The density of an ideal gas is proportional to its pressure and inversely proportional to its temperature.
Explanation
The relationship between the density (ρ) of an ideal gas and its pressure (P), temperature (T), and molar mass (M) can be derived from the ideal gas law:
PV = nRT
where:
- P is the pressure
- V is the volume
- n is the number of moles
- R is the ideal gas constant
- T is the absolute temperature (in Kelvin)
Density is defined as mass (m) per unit volume (V):
ρ = m/V
We can express the number of moles (n) as mass (m) divided by molar mass (M):
n = m/M
Substituting this into the ideal gas law:
PV = (m/M)RT
Now, rearrange the equation to solve for density (ρ = m/V):
ρ = (PM)/(RT)
From this equation, we can see the following proportionalities:
- Density is directly proportional to pressure (P): At a constant temperature, if you increase the pressure on an ideal gas, its density will increase proportionally.
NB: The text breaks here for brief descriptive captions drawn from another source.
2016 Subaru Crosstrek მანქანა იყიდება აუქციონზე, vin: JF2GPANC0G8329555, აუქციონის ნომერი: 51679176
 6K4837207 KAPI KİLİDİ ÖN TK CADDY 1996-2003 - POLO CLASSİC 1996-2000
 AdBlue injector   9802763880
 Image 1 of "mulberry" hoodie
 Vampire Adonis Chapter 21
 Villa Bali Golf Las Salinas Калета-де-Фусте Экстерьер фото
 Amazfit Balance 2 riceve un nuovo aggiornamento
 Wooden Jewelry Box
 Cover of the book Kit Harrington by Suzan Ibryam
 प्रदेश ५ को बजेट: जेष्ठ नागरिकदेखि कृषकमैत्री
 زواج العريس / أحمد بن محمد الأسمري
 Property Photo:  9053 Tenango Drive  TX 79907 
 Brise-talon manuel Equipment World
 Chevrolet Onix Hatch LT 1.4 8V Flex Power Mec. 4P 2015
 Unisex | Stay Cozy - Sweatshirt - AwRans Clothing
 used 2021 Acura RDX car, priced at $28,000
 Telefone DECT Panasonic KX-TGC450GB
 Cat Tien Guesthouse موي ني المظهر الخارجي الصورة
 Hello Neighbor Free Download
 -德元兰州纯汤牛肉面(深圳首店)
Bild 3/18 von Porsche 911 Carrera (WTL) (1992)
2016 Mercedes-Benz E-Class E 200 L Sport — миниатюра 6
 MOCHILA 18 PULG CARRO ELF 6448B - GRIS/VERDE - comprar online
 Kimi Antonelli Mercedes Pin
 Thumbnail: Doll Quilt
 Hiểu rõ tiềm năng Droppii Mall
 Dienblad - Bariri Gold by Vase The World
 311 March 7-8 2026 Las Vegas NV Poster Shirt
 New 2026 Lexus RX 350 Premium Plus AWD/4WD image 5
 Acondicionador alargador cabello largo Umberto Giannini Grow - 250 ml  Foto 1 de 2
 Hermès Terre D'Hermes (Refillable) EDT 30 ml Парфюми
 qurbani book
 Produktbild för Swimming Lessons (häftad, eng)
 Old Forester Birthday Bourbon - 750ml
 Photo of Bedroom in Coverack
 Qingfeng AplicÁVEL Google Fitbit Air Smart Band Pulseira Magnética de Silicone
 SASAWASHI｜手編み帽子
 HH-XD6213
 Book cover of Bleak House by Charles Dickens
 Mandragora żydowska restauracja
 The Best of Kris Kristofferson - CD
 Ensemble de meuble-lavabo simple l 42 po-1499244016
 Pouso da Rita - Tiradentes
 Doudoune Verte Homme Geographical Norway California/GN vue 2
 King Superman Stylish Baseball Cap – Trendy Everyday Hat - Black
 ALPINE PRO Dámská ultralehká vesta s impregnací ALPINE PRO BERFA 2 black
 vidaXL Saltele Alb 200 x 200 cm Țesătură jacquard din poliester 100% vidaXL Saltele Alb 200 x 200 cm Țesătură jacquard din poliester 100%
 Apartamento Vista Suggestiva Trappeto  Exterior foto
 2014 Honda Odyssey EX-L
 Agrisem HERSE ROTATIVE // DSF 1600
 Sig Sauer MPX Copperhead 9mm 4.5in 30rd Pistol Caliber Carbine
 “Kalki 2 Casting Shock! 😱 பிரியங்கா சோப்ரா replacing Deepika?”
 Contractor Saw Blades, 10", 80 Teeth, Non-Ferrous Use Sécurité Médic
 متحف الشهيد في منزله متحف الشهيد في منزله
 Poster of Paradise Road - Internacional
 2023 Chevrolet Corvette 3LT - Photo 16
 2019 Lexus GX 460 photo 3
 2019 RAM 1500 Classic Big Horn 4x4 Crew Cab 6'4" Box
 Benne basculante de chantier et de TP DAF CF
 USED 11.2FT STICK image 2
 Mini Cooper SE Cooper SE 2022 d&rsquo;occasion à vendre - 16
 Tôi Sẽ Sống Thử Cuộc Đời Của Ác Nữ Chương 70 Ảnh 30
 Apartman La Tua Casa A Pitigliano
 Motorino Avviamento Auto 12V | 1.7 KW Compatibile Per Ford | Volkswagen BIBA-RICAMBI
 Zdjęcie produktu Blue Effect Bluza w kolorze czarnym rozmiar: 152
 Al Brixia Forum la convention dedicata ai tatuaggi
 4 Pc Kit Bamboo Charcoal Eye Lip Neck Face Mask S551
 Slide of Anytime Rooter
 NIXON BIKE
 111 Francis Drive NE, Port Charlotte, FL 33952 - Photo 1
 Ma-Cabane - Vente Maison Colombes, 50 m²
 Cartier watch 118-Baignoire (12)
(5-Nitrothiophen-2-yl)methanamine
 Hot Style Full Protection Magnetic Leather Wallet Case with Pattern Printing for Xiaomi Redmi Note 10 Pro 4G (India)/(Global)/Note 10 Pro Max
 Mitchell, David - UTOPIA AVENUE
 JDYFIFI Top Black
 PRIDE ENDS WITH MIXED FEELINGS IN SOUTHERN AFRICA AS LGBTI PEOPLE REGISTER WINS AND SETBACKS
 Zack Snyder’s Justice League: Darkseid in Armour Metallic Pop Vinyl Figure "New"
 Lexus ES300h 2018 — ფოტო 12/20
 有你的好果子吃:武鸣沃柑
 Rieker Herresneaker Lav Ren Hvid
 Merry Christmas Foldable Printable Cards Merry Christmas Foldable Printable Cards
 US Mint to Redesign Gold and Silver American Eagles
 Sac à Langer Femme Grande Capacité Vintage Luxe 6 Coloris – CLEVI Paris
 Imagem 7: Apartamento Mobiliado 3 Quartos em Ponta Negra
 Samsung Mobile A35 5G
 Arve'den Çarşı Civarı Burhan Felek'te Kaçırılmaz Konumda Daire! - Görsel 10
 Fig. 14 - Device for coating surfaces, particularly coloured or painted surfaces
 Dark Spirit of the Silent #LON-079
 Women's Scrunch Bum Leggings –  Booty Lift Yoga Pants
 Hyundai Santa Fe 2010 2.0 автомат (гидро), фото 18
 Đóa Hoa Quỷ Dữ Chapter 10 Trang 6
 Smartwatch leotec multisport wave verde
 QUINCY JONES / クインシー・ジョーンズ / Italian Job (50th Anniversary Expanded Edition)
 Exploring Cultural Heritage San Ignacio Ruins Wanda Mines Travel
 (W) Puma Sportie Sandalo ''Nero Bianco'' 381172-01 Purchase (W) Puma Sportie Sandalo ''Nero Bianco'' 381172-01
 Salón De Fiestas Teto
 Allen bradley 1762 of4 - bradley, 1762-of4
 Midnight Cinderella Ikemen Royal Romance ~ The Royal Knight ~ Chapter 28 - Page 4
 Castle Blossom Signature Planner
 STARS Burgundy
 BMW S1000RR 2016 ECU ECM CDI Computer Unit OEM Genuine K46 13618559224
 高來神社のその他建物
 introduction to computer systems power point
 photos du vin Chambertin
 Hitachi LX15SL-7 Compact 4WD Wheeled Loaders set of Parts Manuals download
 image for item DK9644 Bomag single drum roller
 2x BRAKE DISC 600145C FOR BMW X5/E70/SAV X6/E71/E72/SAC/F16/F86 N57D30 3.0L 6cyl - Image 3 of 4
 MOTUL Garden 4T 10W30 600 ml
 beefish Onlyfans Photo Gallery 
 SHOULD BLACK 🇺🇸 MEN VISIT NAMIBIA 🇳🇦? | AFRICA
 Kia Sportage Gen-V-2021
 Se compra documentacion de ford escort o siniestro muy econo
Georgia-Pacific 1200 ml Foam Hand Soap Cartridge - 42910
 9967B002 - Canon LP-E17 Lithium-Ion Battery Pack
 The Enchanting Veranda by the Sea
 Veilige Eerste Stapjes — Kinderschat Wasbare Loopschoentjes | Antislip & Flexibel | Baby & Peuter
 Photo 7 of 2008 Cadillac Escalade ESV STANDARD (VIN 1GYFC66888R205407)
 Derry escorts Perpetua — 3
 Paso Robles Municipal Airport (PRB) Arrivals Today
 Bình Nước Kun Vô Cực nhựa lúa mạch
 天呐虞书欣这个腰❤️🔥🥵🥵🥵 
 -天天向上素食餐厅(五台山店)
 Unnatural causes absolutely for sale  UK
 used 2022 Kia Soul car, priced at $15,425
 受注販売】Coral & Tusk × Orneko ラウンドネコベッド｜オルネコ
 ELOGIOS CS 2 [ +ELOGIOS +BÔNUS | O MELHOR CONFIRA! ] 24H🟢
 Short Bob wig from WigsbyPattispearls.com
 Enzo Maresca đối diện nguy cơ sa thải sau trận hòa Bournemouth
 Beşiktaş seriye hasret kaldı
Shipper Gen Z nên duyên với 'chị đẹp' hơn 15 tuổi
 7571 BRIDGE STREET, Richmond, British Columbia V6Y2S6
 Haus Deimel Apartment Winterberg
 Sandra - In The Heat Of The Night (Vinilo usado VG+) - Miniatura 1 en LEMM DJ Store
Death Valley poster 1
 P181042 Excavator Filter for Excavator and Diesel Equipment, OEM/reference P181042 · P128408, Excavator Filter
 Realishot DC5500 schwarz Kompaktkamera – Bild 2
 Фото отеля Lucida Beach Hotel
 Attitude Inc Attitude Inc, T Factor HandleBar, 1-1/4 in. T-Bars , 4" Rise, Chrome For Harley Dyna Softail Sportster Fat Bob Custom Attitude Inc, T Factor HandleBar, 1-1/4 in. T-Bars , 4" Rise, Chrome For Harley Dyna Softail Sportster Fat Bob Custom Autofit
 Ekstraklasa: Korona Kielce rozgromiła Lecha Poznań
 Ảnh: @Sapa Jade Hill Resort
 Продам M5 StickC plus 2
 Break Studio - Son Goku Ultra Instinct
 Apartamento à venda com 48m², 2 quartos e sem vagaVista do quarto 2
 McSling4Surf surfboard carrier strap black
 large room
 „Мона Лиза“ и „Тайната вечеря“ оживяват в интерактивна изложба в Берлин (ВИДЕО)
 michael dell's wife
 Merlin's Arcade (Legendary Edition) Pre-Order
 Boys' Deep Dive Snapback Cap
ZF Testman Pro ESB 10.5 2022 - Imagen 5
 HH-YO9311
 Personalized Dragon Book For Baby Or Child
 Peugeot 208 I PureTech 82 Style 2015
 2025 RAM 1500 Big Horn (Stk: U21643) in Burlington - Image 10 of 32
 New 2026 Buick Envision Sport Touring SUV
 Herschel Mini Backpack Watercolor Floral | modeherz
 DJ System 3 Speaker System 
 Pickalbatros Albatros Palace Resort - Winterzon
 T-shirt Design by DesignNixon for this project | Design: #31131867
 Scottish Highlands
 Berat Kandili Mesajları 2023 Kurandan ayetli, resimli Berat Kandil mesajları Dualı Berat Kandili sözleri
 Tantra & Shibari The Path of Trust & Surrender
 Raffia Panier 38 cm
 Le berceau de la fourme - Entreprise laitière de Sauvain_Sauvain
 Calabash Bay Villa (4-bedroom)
- Density is directly proportional to molar mass (M): At constant temperature and pressure, a gas with a higher molar mass will have a higher density.
- Density is inversely proportional to temperature (T): At constant pressure, if you increase the temperature of an ideal gas, its density will decrease proportionally.
In summary, for a given ideal gas with a fixed molar mass, density is proportional to pressure and inversely proportional to temperature.